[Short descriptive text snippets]
== == ==

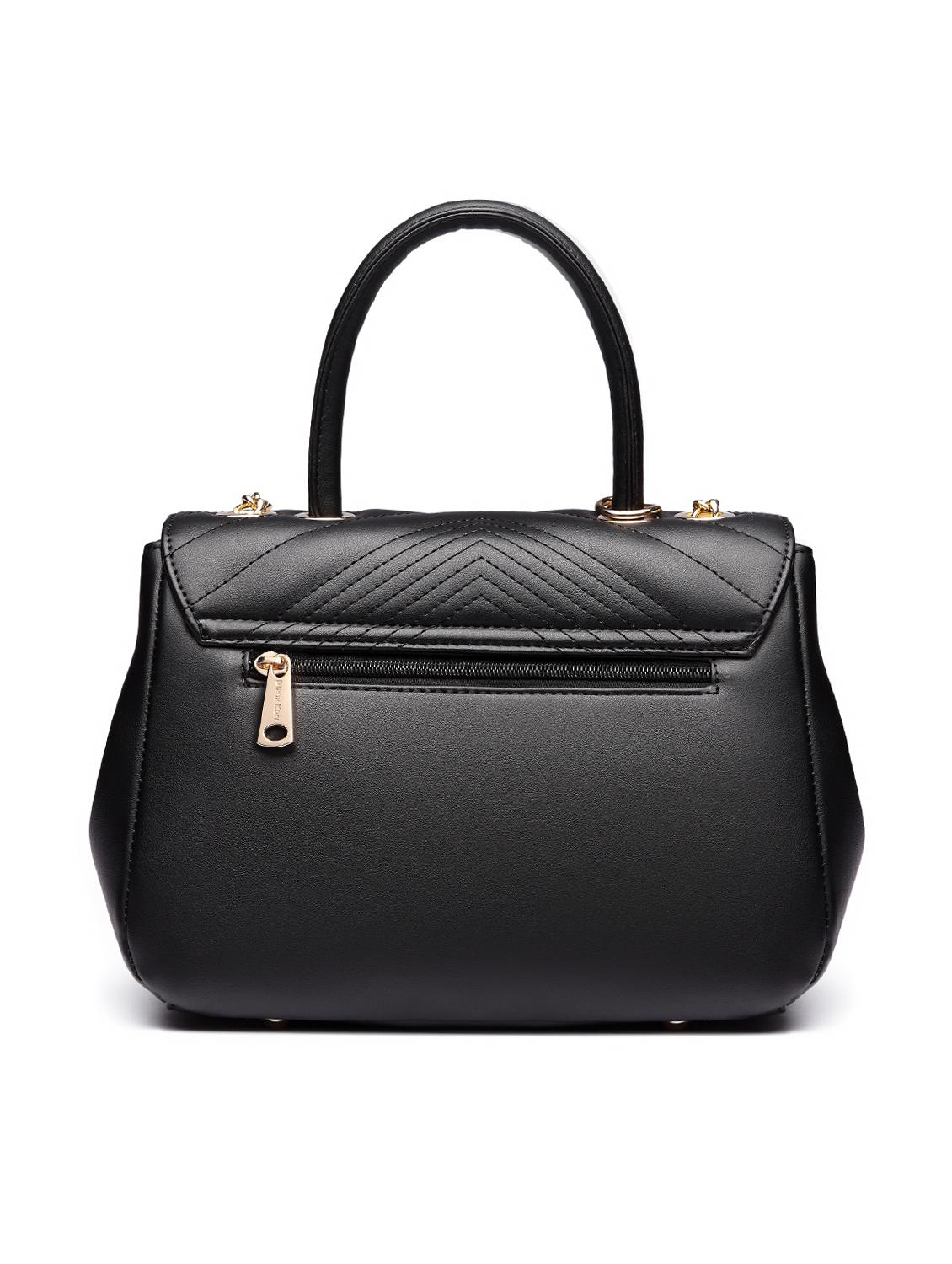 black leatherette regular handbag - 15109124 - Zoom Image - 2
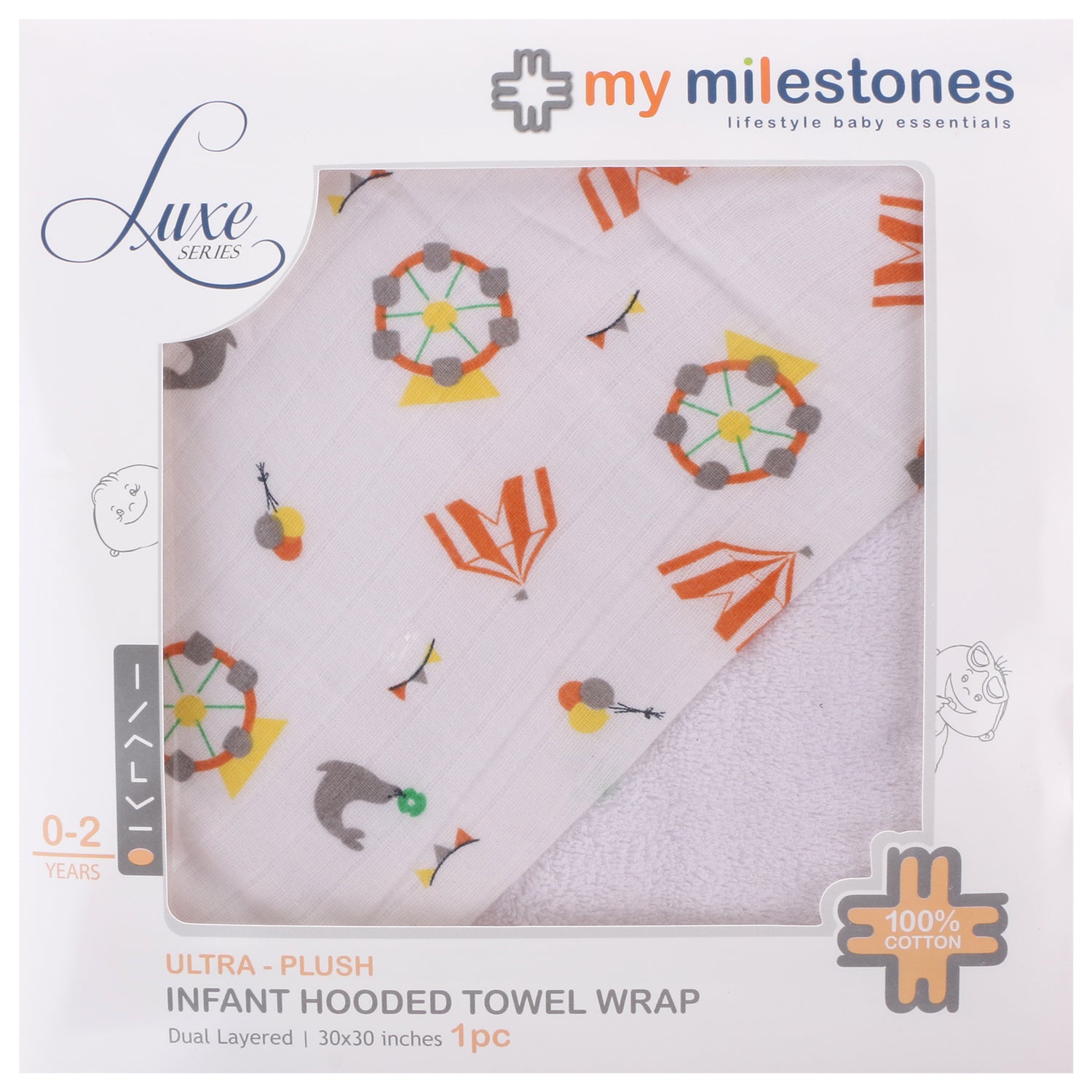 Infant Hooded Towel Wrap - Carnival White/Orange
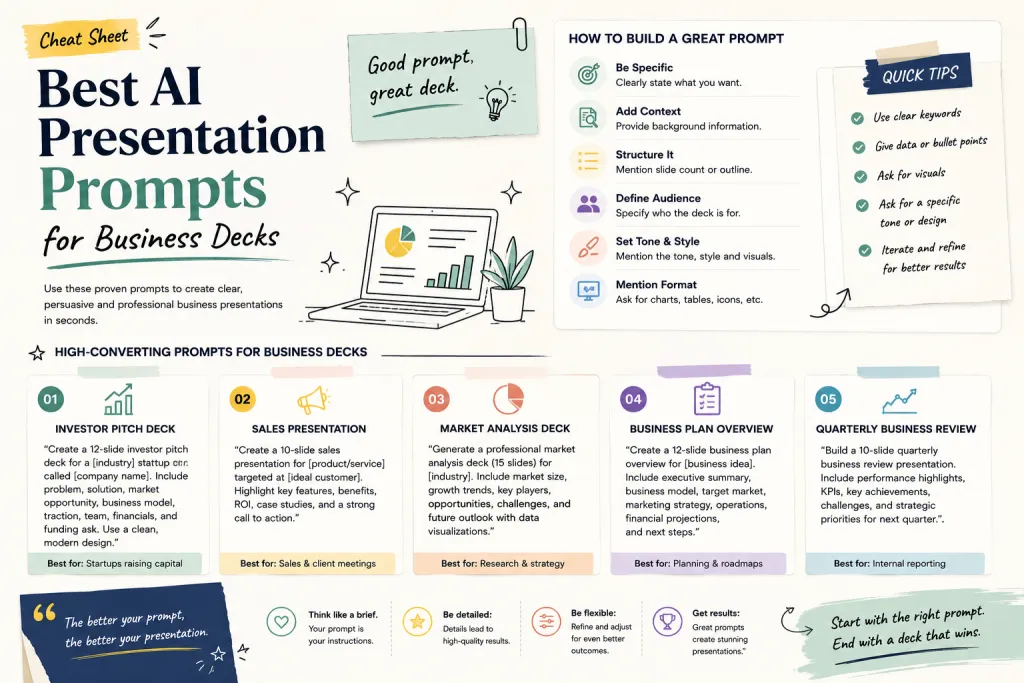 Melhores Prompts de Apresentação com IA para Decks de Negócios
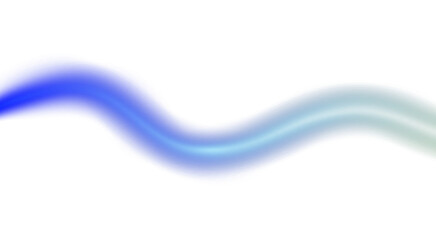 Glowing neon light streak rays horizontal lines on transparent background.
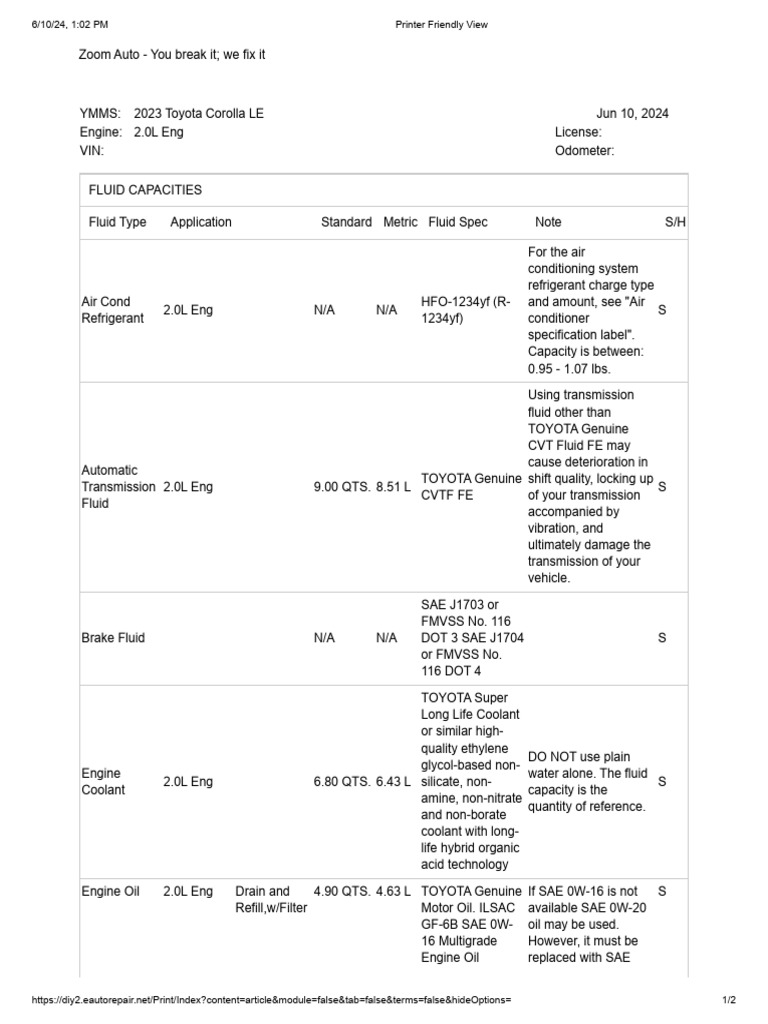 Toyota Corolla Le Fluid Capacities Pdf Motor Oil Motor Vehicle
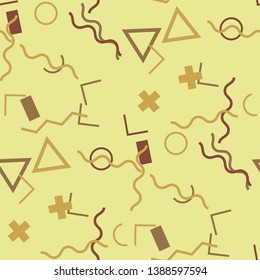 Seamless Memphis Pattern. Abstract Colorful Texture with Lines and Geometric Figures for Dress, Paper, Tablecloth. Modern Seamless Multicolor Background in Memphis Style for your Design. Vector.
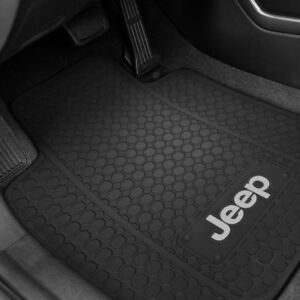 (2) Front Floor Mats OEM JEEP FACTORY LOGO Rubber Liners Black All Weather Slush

== == ==

Task —
Give back word for word the lines from the one containing "Seamless Memphis Pattern." through the final line of the data above. Pictures are to be left out.

Task response —
 Seamless Memphis Pattern. Abstract Colorful Texture with Lines and Geometric Figures for Dress, Paper, Tablecloth. Modern Seamless Multicolor Background in Memphis Style for your Design. Vector.
 (2) Front Floor Mats OEM JEEP FACTORY LOGO Rubber Liners Black All Weather Slush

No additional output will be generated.